EXERCISE DETAILS: The lines below from the one with "隠す台所ではなく、見せる台所で..." up to and including the one with "Lần đầu tiên" are what you should set down, exactly and without pictures.

MATERIAL FOR THIS EXERCISE:
---

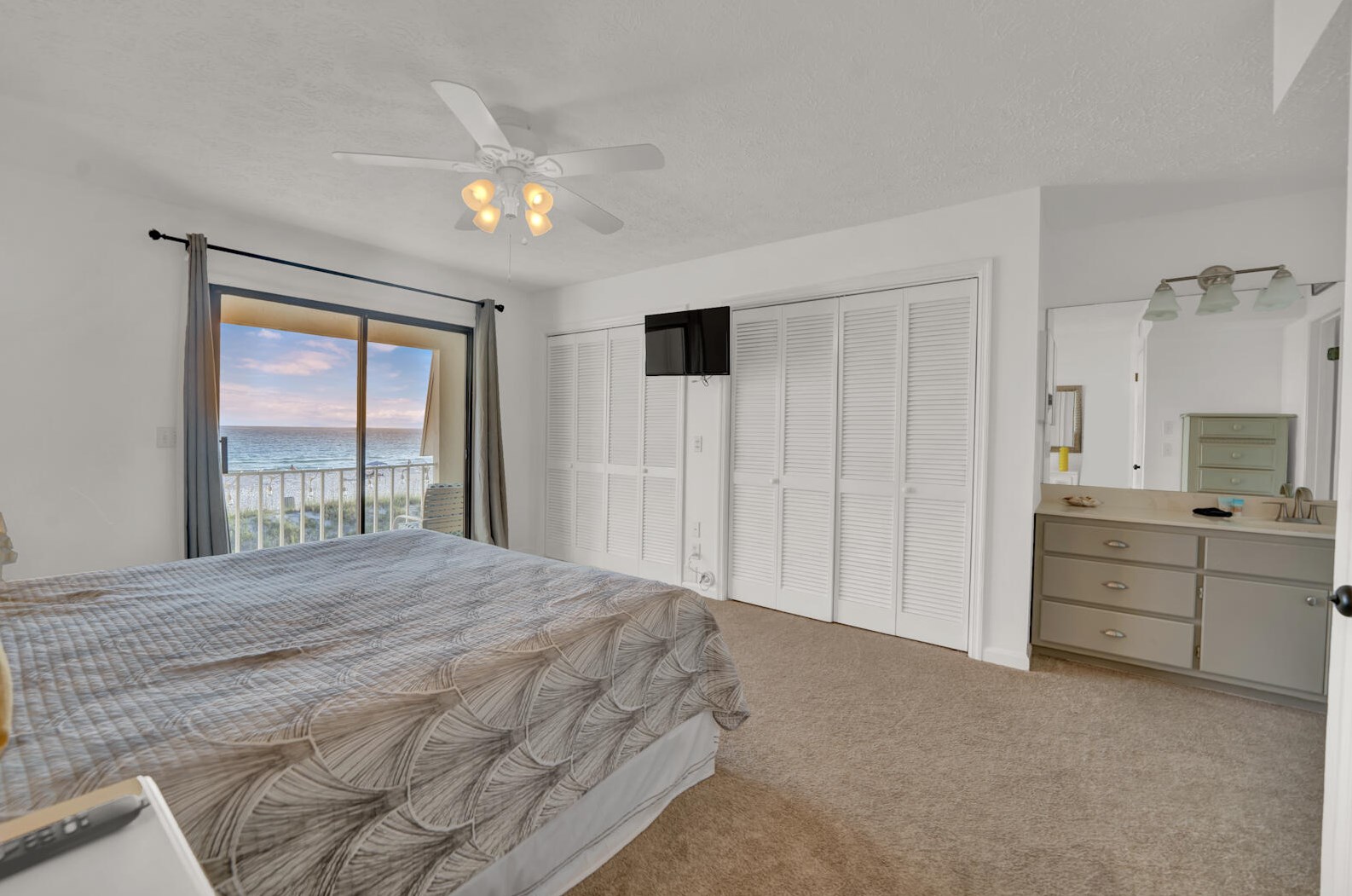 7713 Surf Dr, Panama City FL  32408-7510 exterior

---

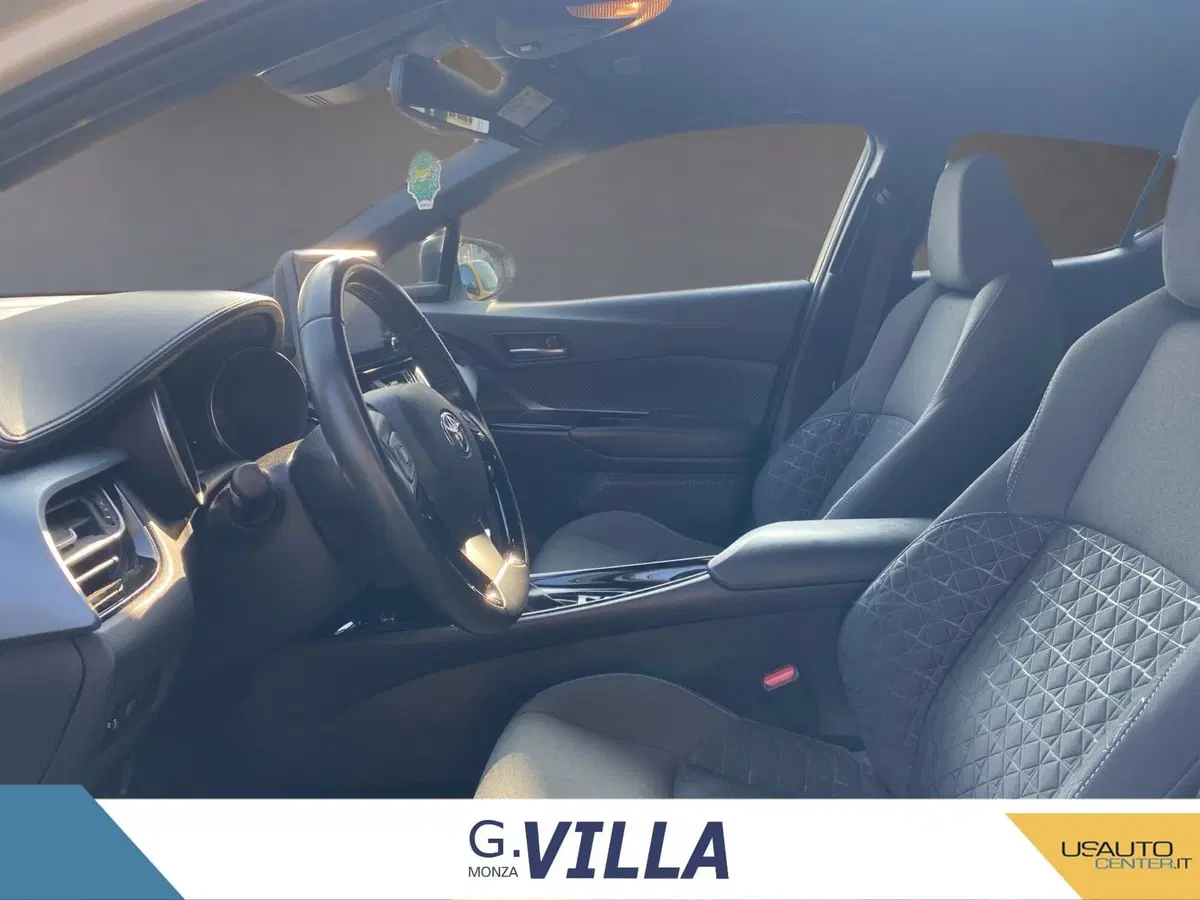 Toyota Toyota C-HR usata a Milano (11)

---

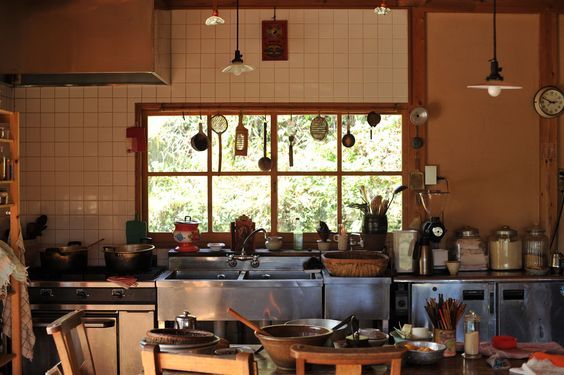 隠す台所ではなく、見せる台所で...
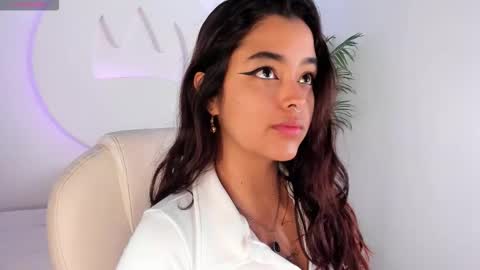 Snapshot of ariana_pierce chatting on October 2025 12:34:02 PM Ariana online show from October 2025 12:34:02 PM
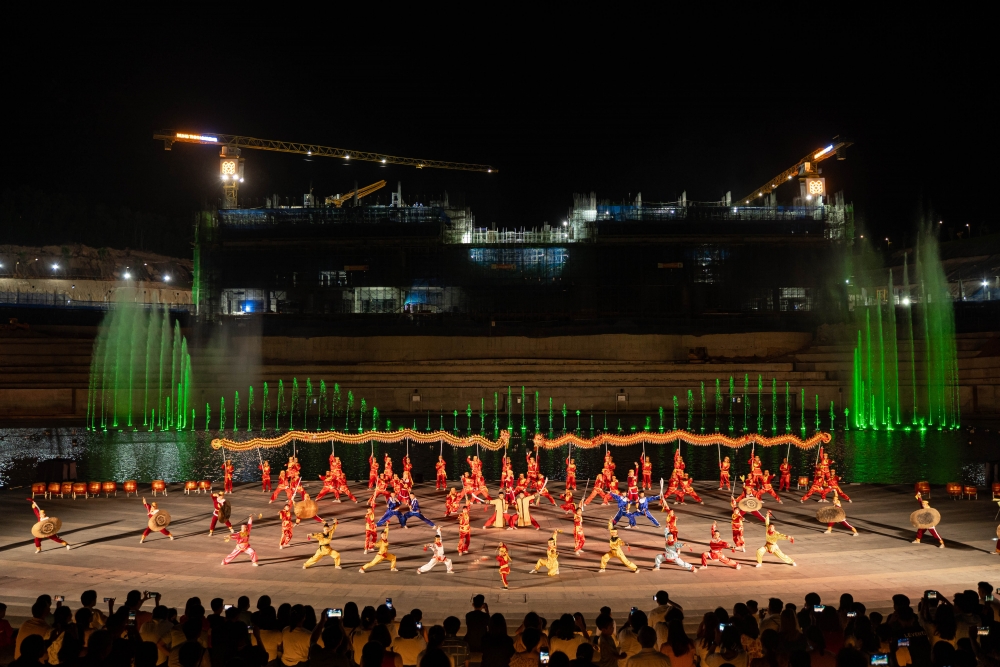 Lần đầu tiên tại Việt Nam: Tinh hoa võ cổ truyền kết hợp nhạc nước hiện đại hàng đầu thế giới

---

WRITTEN ANSWER:
 隠す台所ではなく、見せる台所で...
 Snapshot of ariana_pierce chatting on October 2025 12:34:02 PM Ariana online show from October 2025 12:34:02 PM
 Lần đầu tiên tại Việt Nam: Tinh hoa võ cổ truyền kết hợp nhạc nước hiện đại hàng đầu thế giới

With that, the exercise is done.